I love reading the Nero Wolfe books. I have a total reader-crush on Archie Goodwin and I’m sure I’d be happy to sit and listen to Nero Wolfe expound on just about any subject for hours. In fact I’d like to merely sit and watch him think, with his hands clasped over his big belly and his lips pushing in and out, in and out, as his great big brain puts together all the clues and solves the mystery at hand.
One of the many things that fascinates me about the Nero Wolfe mysteries is the food that Wolfe consumes. Rex Stout, the brilliant creator of the rotund detective, doesn’t just use food and dining as an illustration of how Wolfe got, and remains, so large. Nor are they for Stout merely means of transition or indications of the passage of time.
Stout uses food as a character in the books. It is every bit as alive, as filled with personality and appeal–visual and olfactory, color and taste as any witness, victim or villain. Because, I presume, of many requests, Rex Stout wrote The Nero Wolfe Cookbook, chock full of recipes from the books plus the scenario in which each dish was consumed.

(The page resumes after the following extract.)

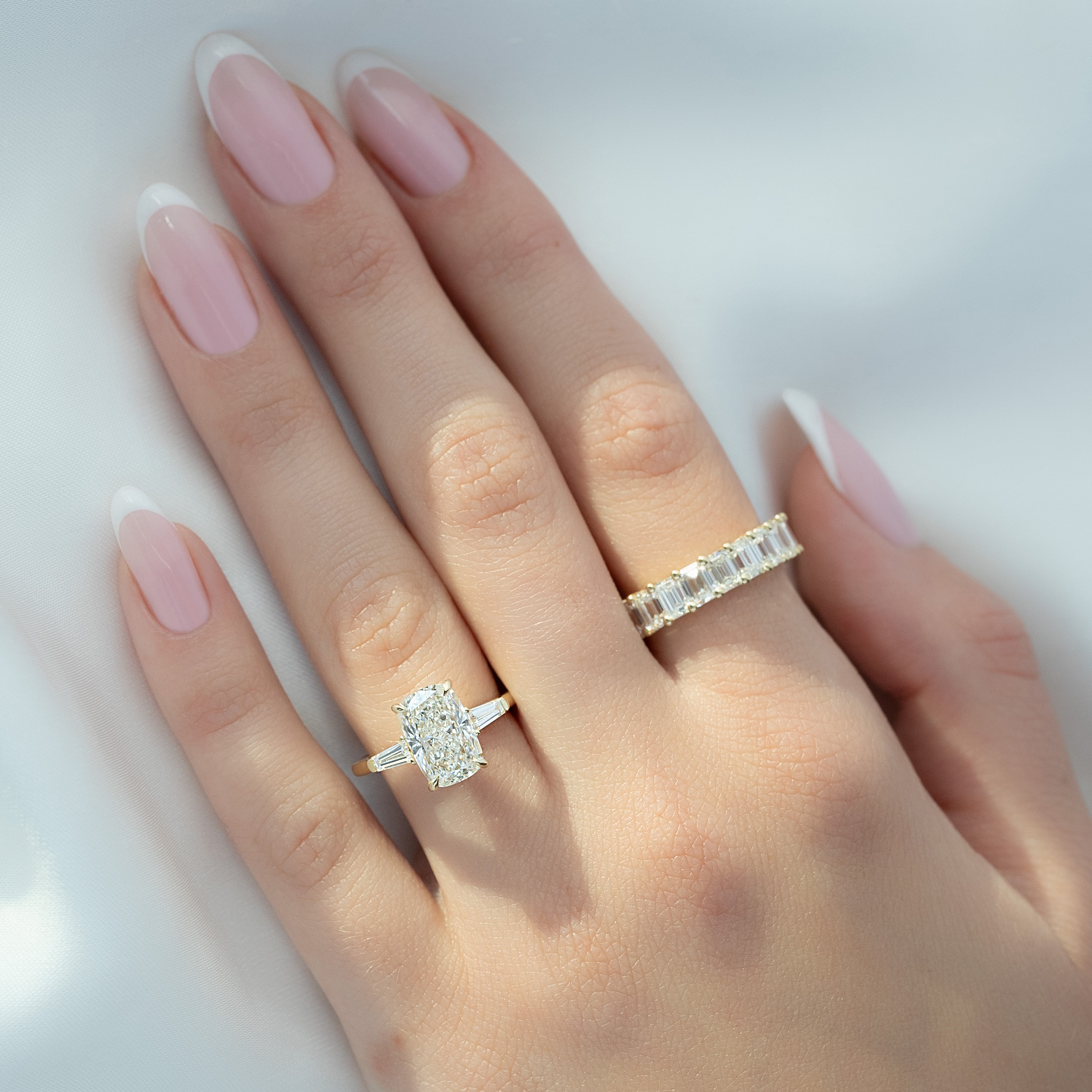 2.0 - 4.0 CT Elongated Cushion Cut CVD Diamond Three Stone Style Engagement Ring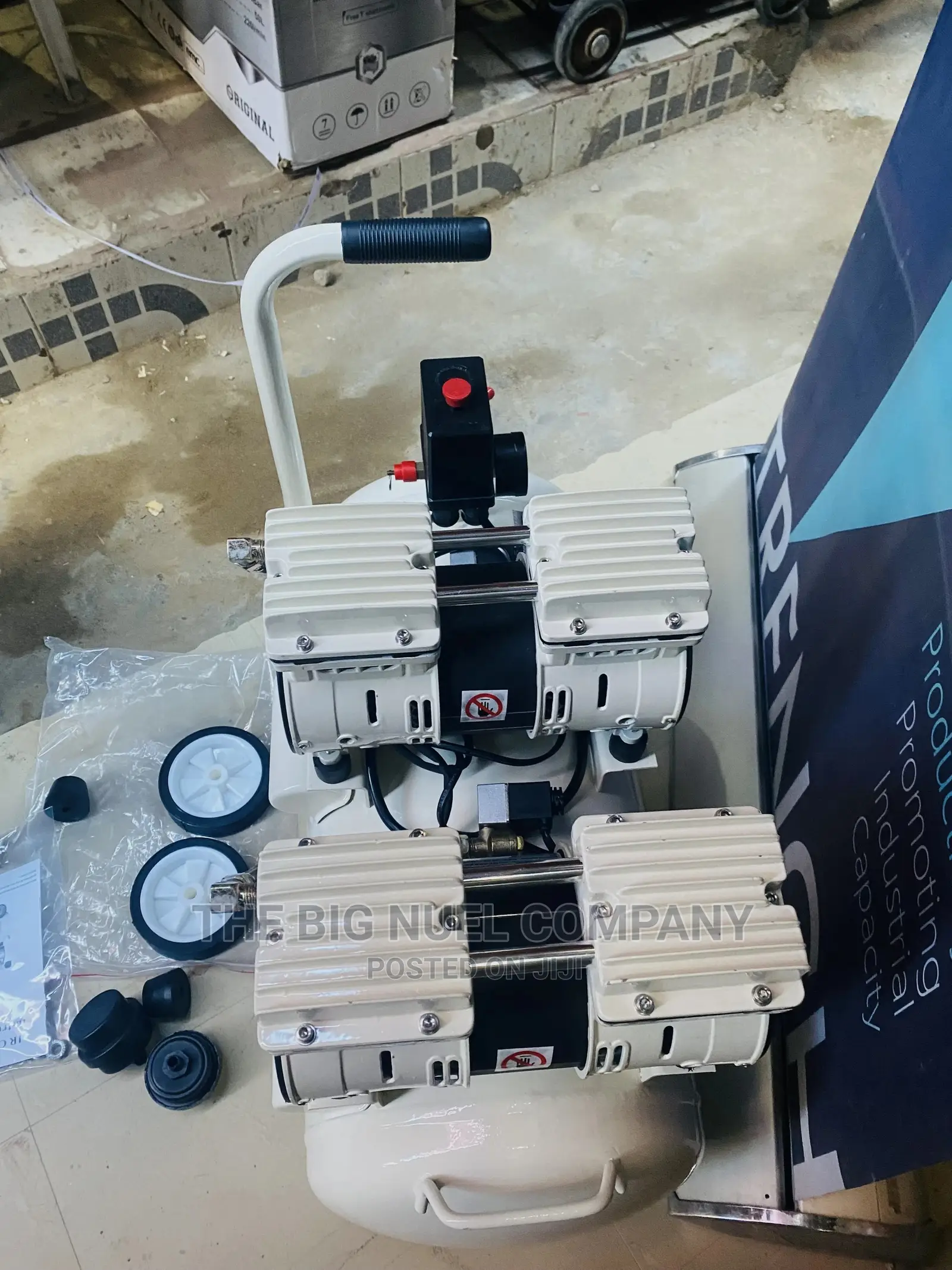 Oil Less Air Compressor Machine Maxmech 50l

After rereading some of the Nero Wolfe books recently, I bought the cookbook. I haven’t tried very many of the recipes. As I suspected, a lot of them are complicated. But I had to check out Wolfe’s perfect scrambled eggs, which he claims take twenty minutes to cook. I don’t take quite that long, but I have to admit, his method of scrambling eggs makes them extremely light and pleasant on the tongue.
Another recipe I’ve made is Anchovy Toast — for my husband. I cannot ABIDE anchovies. It looks delicious — but to me it smells horrendous. He loved it. I plan to try the recipe using shrimp one day soon.
There are about six different recipes for duckling, which is one of my favorite meats. I plan to try several of them in the next year.Most of them differ in the type of sauce served with the duckling. One is called Rouennaise. Doesn’t that sound divine?